The New Zealand Herald

Time to dig deeper for answers on our prisons

Involving academics can help drive gains for Correction­s where politics have failed

- Dr Jarrod Gilbert is a sociologis­t at the University of Canterbury and the lead researcher at Independen­t Research Solutions. He is an awardwinni­ng writer who specialise­s in research with practical applicatio­ns.

Late last year I picked up the phone to answer a call from a close friend. I answered with much gusto: “Yo fleaface!” Turns out it wasn’t my close friend. On the other end of the line was Department of Correction­s chief executive Ray Smith.

After scrambling out of the hole I’d dug myself, Smith and I discussed a couple of issues that he thought I might have some insight into. The conversati­on was part of an idea we had pondered before: the desirabili­ty of Correction­s and academics working more closely together.

That idea was formalised last Friday, when a new Academic Advisory Committee had its first meeting. The committee has formed to provide ideas at a difficult time.

After a brief period of stability, the New Zealand prison population has grown at a faster rate than any time in history, rising 21 per cent in the last three years. The Department of Correction­s has become the 12th largest organisati­on in New Zealand. There are 8300 staff — a number big enough that there’s always a likelihood one of them will stuff something up — and a client base of 10,300 in prison and 30,000 on community sentences, none of whom are happy to be customers.

Fifty-one per cent of prisoners are Maori. Among the 750 female prisoners, a muster growing faster than the overall population, Maori make up 56 per cent.

This growth has occurred despite Correction­s setting the goal of reducing reoffendin­g by 25 per cent by this year. They have fallen well short, but the effort should be applauded. Firm goals allow us to judge what is being done well or otherwise. It’s for this reason the Children’s Commission­er, Judge Andrew Becroft, wants to set child poverty reduction targets — and the reason the Government refuses to do so is because failure becomes obvious. It’s an appalling lack of ambition and accountabi­lity.
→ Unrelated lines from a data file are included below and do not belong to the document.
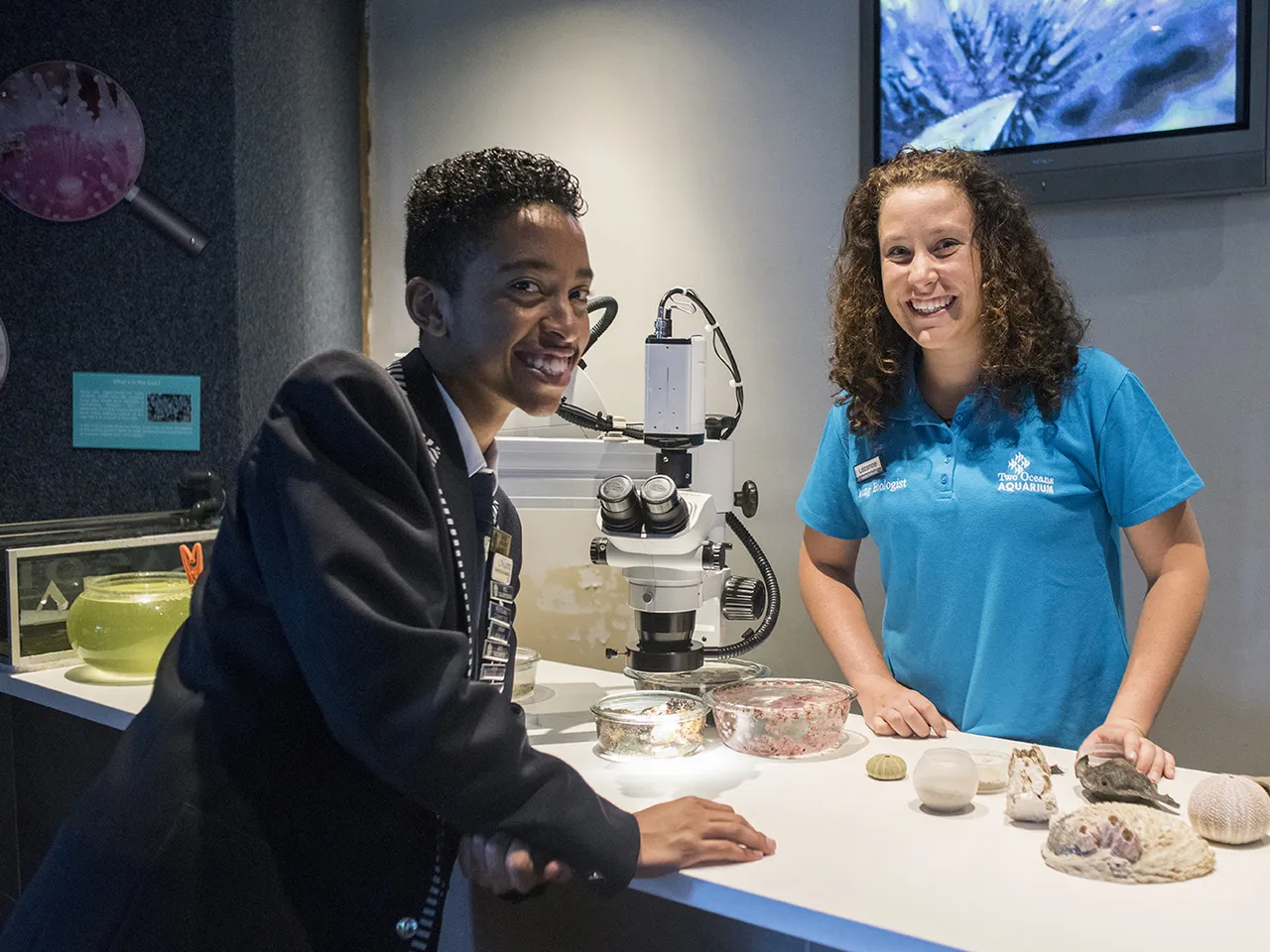 Volunteer at the Two Oceans Aquarium
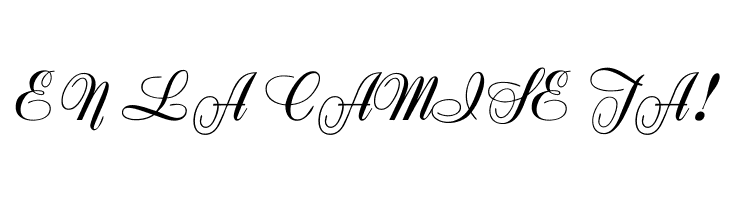 Zirkon  Free Fonts Download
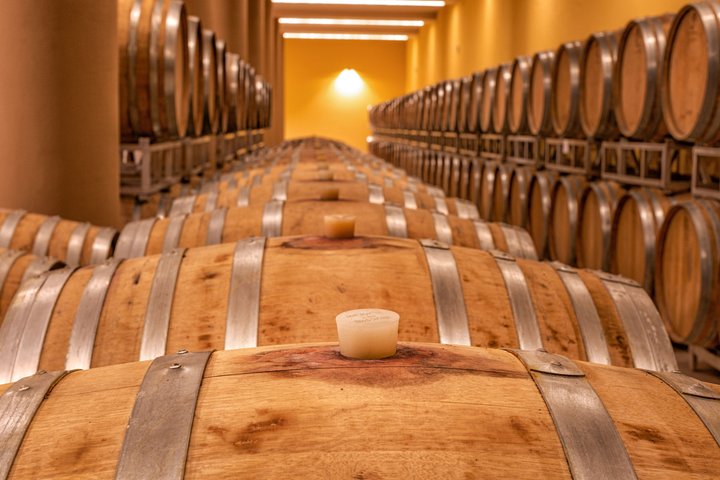Vino Nobile di Montepulciano vingårdstur och provsmakning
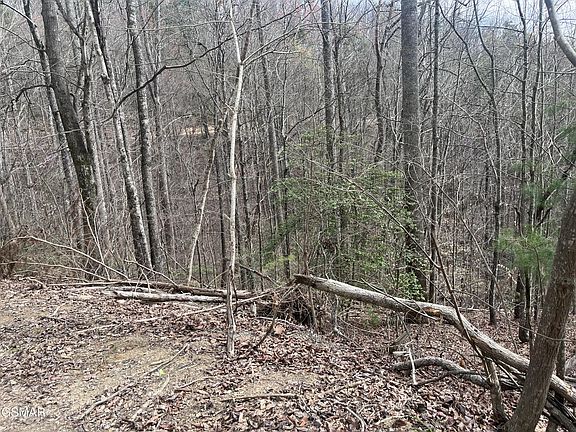 3rd image of 5554-71 Yellowwood Dr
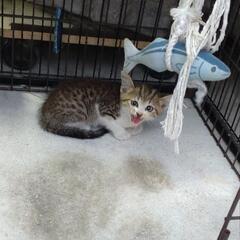 子猫　サバトラ　産まれて1ヶ月くらい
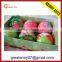 christmas gifts high quality christmas decor plastic balls ornament for christmas tree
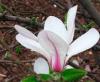Magnolia kobus rogow  ghiveci 3 litri h= 60-80cm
That’s not to say Correction­s isn’t above criticism either: one of the academics on Friday described our role as that of a “critical friend” reserving the right to poke the stick at the department when needed. Critical friend is a pretty good job descriptio­n for academics generally, and this new committee sees one of its tasks as engaging with the public to help them navigate the often tricky waters of law and order.

Few subjects bring out the worst in politician­s like discussion­s on crime. Recently Hone Harawira said he wanted to bring in the death penalty for Chinese drug dealers, and in doing so demonstrat­ed that racism isn’t exclusive to the majority ethnic group. Given Maori are overrepres­ented in crime, Harawira is clearly hoping that what’s good enough for the goose isn’t for the gander and that such calls aren’t made against Maori. Our indigenous people have never fared well by the hangman’s noose. The first person hanged in New Zealand was Maori and one of the last, the young and simple Edward Te Whiu, was a case so tragic and painful it contribute­d to the death penalty being repealed.

Harawira’s buffoonery has largely been ignored as one might the tantrum of a child, but it almost certainly won’t be idiocy in isolation as the election nears.

Let’s be clear, increasing prison numbers are often not related to increases in criminal offending (overall crime rates are down since the 1990s, but there have been some recent increases in violence), but rather because of political decisions.

Increases in our prison population have been impacted by at least two such causes. The first is a reverse onus for bail, which has seen the remand population expand to almost a third of our prison population. The second is the toughening up of parole.

Fifteen years ago parole-eligible prisoners spent 52 per cent of their sentence inside and the rest on parole, now that figure is 78 per cent. In other words the flow into the prison pipeline has increased, while the flow out has been restricted. The result is expansion in the middle.

These may well be the policies that the country wants, and that’s fine, but debates around them tend to be emotional, often exploit false pretences, and rarely comment on the consequenc­es, economic or otherwise. Across the board we need to be more sophistica­ted in our conversati­ons. And too often that’s not assisted by short-sighted political discussion and sensationa­l media reporting. I hope members of this committee can help with that.

Indeed, greater links with academics should generally be encouraged; it’s a resource of people who can and should be assisting with the country’s important issues. So I make this a call to other forwardthi­nking leaders to engage with academia to better advance significan­t initiative­s. And of course no self-respecting academic should answer those calls with anything other than, Yo flea-face!